L’esimente di cui all’art. 599 può anche configurarsi sotto il profilo della putatività, ai sensi dell’art. 59 (concernente le “circostanze non conosciute o erroneamente supposte”), qualora ricorra una ragionevole, anche se erronea, opinione dell’illiceità del fatto altrui, ma in tal caso si richiede che l’errore sia plausibile, ragionevole e logicamente apprezzabile (Sez. 5, 37950/2017).

L’intenzione del datore di lavoro di procedere al licenziamento di uno o più lavoratori, lungi dall’integrare un illecito civile o penale, o un fatto contrario alla civile convivenza, rappresenta l’esercizio (peraltro allo stadio della mera ideazione) di un diritto, che, dunque, non può essere in alcun modo suscettibile di integrare un “fatto ingiusto altrui” idoneo a determinare lo stato d’ira che fonda l’esimente della provocazione (Sez. 21133/2018).

Ai fini del riconoscimento dell’esimente di cui all’art. 599, sebbene sia sufficiente che la reazione abbia luogo finché duri lo stato d’ira suscitato dal fatto provocatorio, non essendo necessaria una reazione istantanea, è richiesta tuttavia l’immediatezza della reazione medesima.

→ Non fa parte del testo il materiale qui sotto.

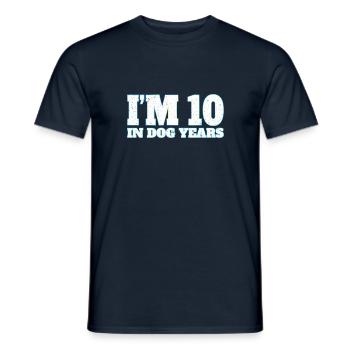 J’ai 10 ans en années de chien - T-shirt homme - marine - Devant - AI Model Male 178 light (178cm)
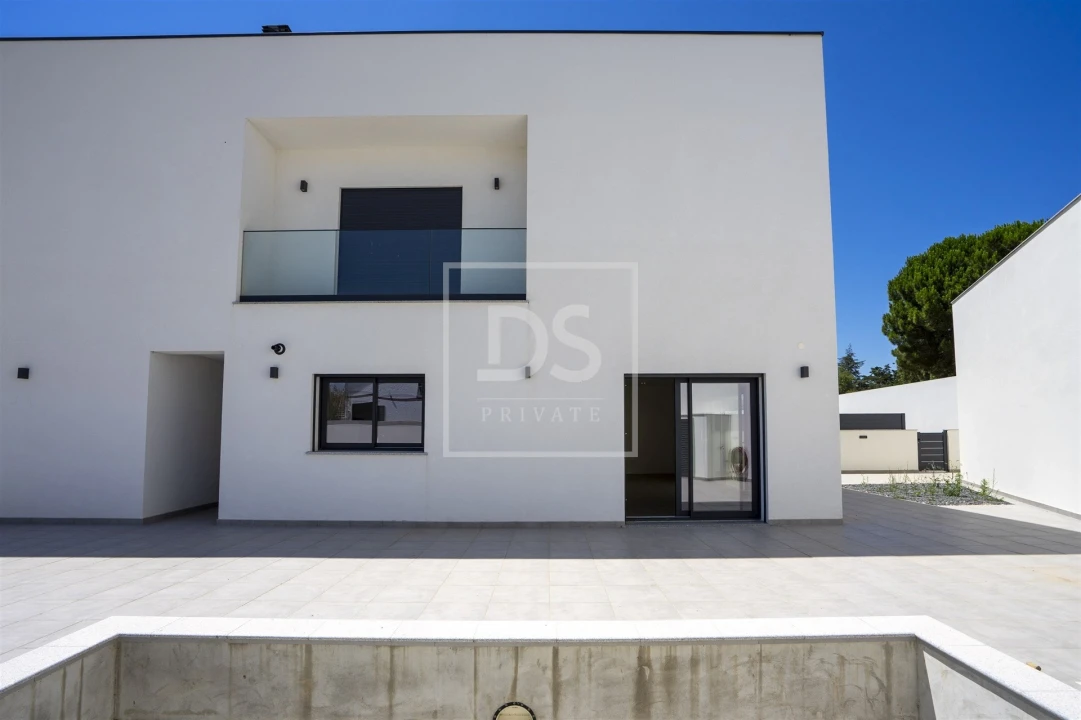 Moradia T4 para Venda em Aveiras de Cima Foto 6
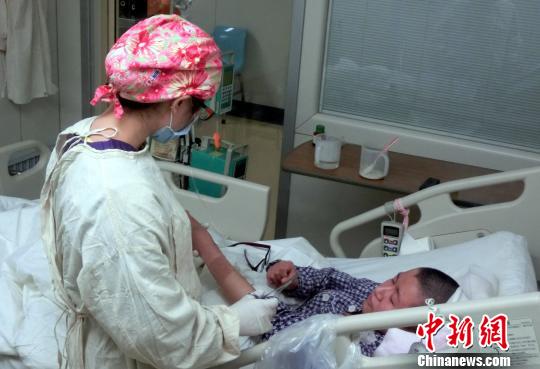 �_������Ѫ�ɼ����������ϰ�Ѫ��Ů��(�D)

Occorre, cioè, un legame di interdipendenza tra reazione irata e fatto ingiusto subito, sicché il passaggio di un lasso di tempo considerevole può assumere rilevanza al fine di escludere il rapporto causale e riferire la reazione ad un sentimento differente, quale il rancore o una finalità di ritorsione (Sez. 5, 7244/2016).

Tra l’offesa e la reazione deve esserci rapporto di causalità psicologica e non di mera occasionalità, indipendentemente dalla proporzionalità tra esse, sempre che sia riscontrabile una qualche adeguatezza tra l’una e l’altra condotta (Sez. 1, 47840/2013).